2022 Composers Laureates:
Laura Bowler is a composer, singer and artistic director specializing in musical theatre, multidisciplinary work and opera. She has been commissioned by ensembles and orchestras around the world, producing award-winning compositions and multimedia musical theatre. As a vocal soloist, she has performed and premiered works internationally and is the vocalist of the contemporary music ensemble, Ensemble Lydenskab.
Brìghde Chaimbeul is a Gaelic musician recognized as one of the main experimental purveyors of Celtic music. Chaimbeul plays the small Scottish bagpipe and has devised a unique way of arranging and composing for the pipes that highlights the instrument’s rich textural hum; the constancy of sound that creates a trance quality in the music.
Sarathy Korwar is a musician specializing in classical music and jazz from North India. He has established himself as one of the most original and compelling voices on the British jazz scene, using his experiences as an Indian in Britain alongside his training in classical Indian percussion.

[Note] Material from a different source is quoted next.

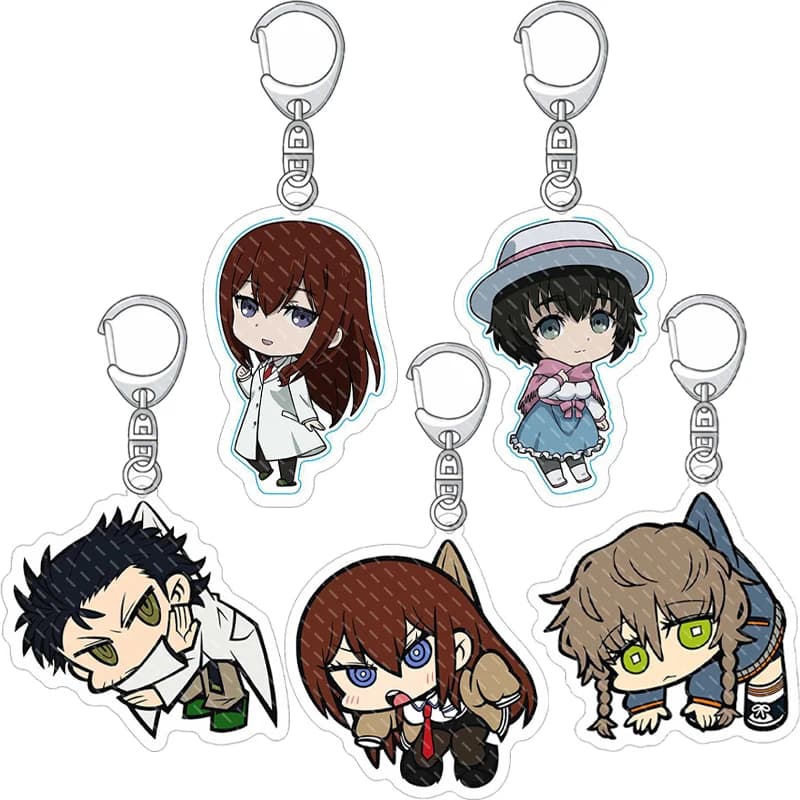 55MM Anime Game Steins;Gate Figure Okabe Rintarou Makise Kurisu Shiina Mayuri Feiris Nyannyan Acrylic Keychain Kawaii‌ Gifts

Korwar is the founder of the UPAJ collective – a group of South Asian jazz and Indian classical musicians.
Mariam Rezaei is an award-winning composer and performer. Her work is at the forefront of cutting-edge research on “Turntablism,” comprised of her perspective as a northern, mixed, working-class, queer turntablist. His innovative music has recently been described as “genuinely revolutionary” (LCMF 2022, London Jazz News) and “high-speed sonic surreal” (LCMF 2022, 4* The Guardian).
Orphy Robinson is an award-winning multi-instrumentalist who has been a major force in contemporary jazz, improvised and classical music for over 40 years. Robinson’s compositions use influences from all historical timelines, combining melodies and rhythms that underlie their stories with spoken word narratives and improvised sonic textures to create a unique soundtrack for each performance.